We thank Senegal, on behalf of the Africa Group, for its resolution on efforts to end obstetric fistula.
The United States disassociates from operative paragraphs including 3 and 14(m) because of our concern that the terms “sexual and reproductive health” and “sexual and reproductive health-care services” have accumulated connotations that suggest the promotion of abortion or a right to abortion that are unacceptable to our Administration.
The United States believes that women should have equal access to reproductive health care. We remain committed to the commitments laid out in the Beijing Declaration and Platform for Action and in the ICPD Program of Action. As has been made clear over many years, there was international consensus that these documents do not create new international rights, including any “right” to abortion. The United States fully supports the principle of voluntary choice regarding maternal and child health and family planning. We do not recognize abortion as a method of family planning, nor do we support abortion in our reproductive health assistance. We also note that the United States is the largest bilateral donor of reproductive health and family planning assistance.
The United States understands that any reaffirmation of prior documents applies only to those States that affirmed them initially, and, in the case of international treaties or conventions, only to those States who are party. For the United States, this understanding includes references to the Convention on the Elimination of All Forms of Discrimination Against Women and Convention on the Rights of the Child, to which we are not party.
As the International Covenant on Economic, Social, and Cultural Rights provides, each State Party undertakes to take the steps set out in Article 2(1) “with a view to achieving progressively the full realization of the rights.” We interpret references to the obligations of States as applicable only to the extent they have assumed such obligations, and with respect to States Parties to the Covenant, in light of its Article 2(1). We note that countries have a wide array of policies and actions that may be appropriate in promoting the progressive realization of economic, social, and cultural rights. Therefore, we believe that these resolutions should not try to define the content of those rights. Further, we understand abbreviated references to certain human rights to be shorthand for the accurate terms used in the applicable international treaty, and we maintain our longstanding positions on those rights.
The United States supports the goal of having women and girls receive high quality education.

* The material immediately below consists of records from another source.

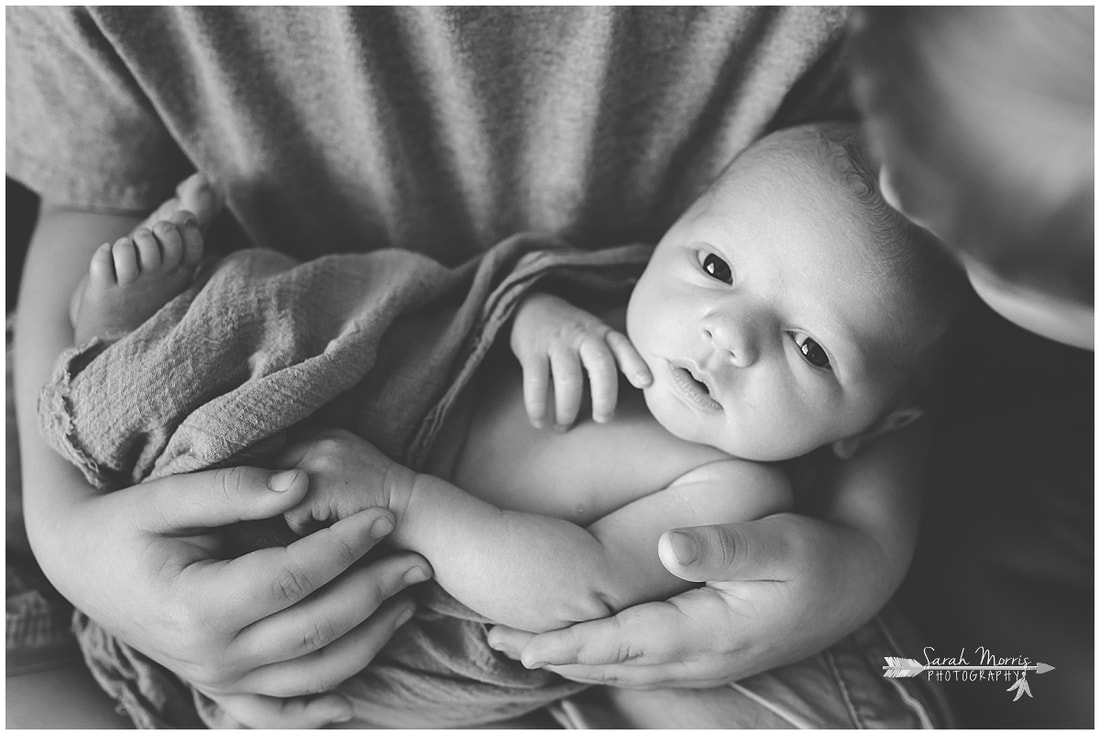 Newborn photos with older siblings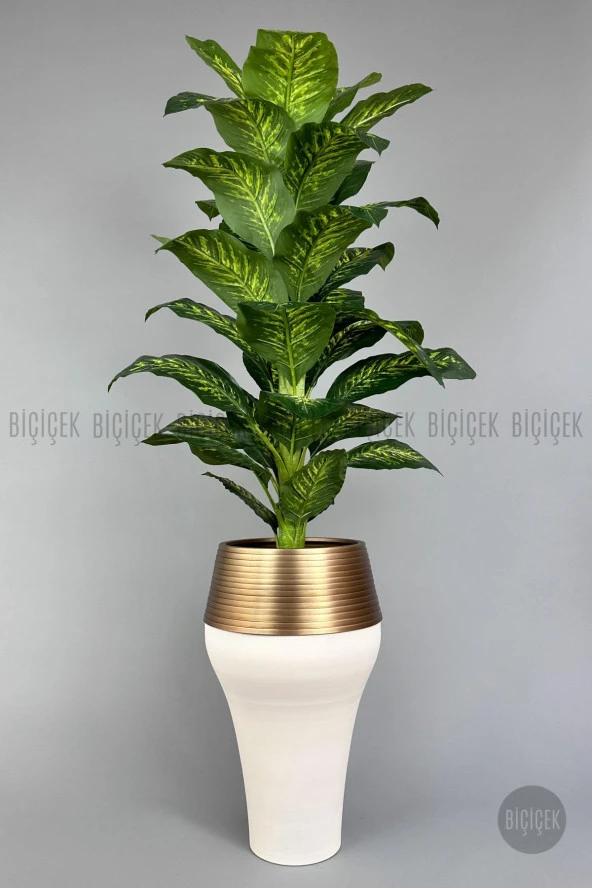 BİÇİÇEK 190 cm difenbahya bitkisi Cleopatra saksıda krem gold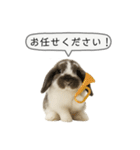 うさンプ:mochi（敬語）1（個別スタンプ：32）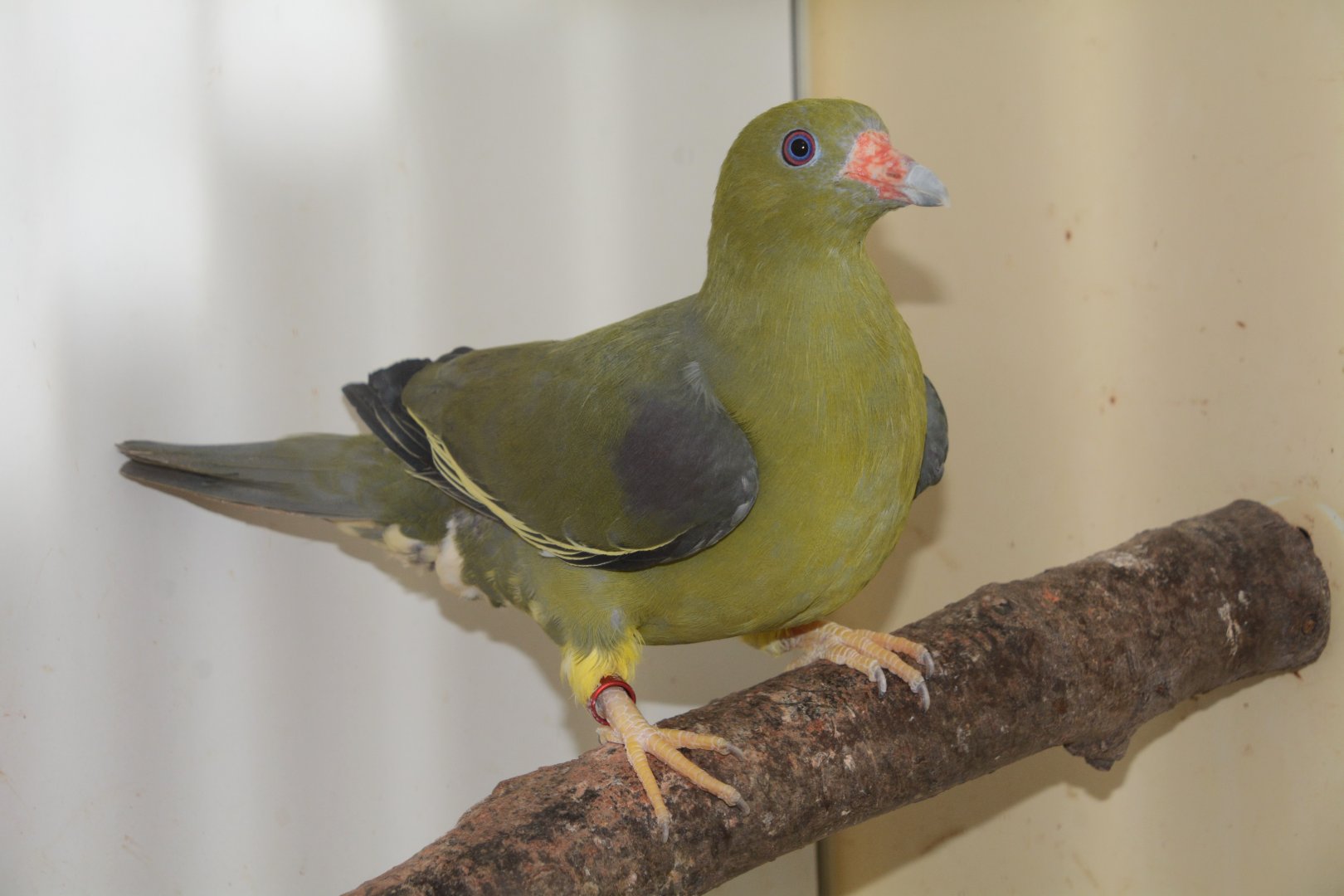 Yellow-legged African green pigeon (Treron calvus nudirostris)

We note however that there is no “right to education of good quality,” as the resolution mentions, and also notes that in the United States, decisions regarding curricular and other education policies, materials, and programs are made as appropriate and consistent with our respective federal, state, or local authorities.
In addition, the resolution refers to an “internationally agreed goal of improving maternal health.” While improving maternal health is an admirable objective that reflects commitments by the international community, there are no international obligations in this regard.